Andrew Cushen, InternetNZ . 02 July 2015, 11:34 am
The Wrong Arm of the Law?

On Tuesday night, the controversial Harmful Digital Communications Bill passed into law. This law now introduces a range of measures that are designed to increase online safety. It also however increases the obligations on a number of different parties, and that's what this post is about.

This law has been developed to provide more tools to deal with harm online. At InternetNZ, we recognise that there is indeed harm occurring and that more needs to be done about it. We've all seen the horrible stories about online bullying and the impact that it can have, including self-harm and suicide. We were all shocked by the "Roastbusters" case which was also one of the primary encouragements for this legislation.

However, we are also concerned about how this law is balanced, and that is what is crucial now that it has been passed. There remains a lot of ambiguity about what the different measures in this legislation will mean in practice - particularly the "Communications Principles" included, which are potentially very broad.
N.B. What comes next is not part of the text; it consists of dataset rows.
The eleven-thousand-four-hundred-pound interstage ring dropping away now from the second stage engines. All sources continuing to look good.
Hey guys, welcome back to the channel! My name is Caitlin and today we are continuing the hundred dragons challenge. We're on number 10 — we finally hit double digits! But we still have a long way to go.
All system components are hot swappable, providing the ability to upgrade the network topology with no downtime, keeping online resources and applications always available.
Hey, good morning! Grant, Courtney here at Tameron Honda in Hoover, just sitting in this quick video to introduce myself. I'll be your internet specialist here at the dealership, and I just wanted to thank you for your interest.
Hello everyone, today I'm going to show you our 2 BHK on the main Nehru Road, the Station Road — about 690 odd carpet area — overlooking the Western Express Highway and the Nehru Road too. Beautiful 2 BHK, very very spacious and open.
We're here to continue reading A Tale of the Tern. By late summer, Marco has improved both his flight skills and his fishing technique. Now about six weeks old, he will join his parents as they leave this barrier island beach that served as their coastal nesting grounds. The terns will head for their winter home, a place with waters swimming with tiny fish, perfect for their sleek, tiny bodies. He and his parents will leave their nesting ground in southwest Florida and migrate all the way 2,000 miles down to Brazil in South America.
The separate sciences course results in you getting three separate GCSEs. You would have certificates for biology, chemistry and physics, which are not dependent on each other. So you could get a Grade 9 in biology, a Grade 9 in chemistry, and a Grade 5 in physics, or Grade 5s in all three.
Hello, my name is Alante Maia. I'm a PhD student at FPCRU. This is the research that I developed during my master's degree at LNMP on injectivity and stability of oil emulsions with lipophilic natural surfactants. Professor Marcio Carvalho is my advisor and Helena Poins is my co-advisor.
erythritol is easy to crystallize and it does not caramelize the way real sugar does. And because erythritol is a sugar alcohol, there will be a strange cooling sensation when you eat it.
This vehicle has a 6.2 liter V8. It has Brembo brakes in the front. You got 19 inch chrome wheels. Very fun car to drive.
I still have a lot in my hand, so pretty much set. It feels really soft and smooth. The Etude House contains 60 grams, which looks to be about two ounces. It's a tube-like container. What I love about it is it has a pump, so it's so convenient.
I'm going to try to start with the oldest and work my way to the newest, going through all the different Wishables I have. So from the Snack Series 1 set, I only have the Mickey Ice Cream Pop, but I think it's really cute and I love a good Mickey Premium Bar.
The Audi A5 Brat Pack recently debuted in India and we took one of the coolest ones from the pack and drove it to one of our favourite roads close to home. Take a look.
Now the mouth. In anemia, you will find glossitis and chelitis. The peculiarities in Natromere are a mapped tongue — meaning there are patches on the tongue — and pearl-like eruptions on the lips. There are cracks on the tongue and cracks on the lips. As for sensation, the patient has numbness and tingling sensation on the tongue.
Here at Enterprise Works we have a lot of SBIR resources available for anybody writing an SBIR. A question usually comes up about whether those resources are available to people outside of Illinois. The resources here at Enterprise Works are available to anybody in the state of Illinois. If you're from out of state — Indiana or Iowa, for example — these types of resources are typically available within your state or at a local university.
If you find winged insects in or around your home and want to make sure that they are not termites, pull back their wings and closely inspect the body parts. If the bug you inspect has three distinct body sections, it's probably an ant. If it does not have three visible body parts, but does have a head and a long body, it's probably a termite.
This is where the concern about freedom of speech comes from - that if we don't define what is harmful well, that this law may have a chilling effect on the ability to communicate online.

How this plays out from here will depend upon the implementation, and the choice of the "Approved Agency" - more on this later. However, we are hopeful that with an appropriate focus on education, and with appropriate clarification of these communications principles through the Approved Agency, that this will be a helpful addition to curbing harm online. If not, we will be the first to call upon Parliament to amend or remove it.

From here now, there are very practical obligations for New Zealand IT professionals. Some of these are listed below, and with the caveat, I am not a lawyer.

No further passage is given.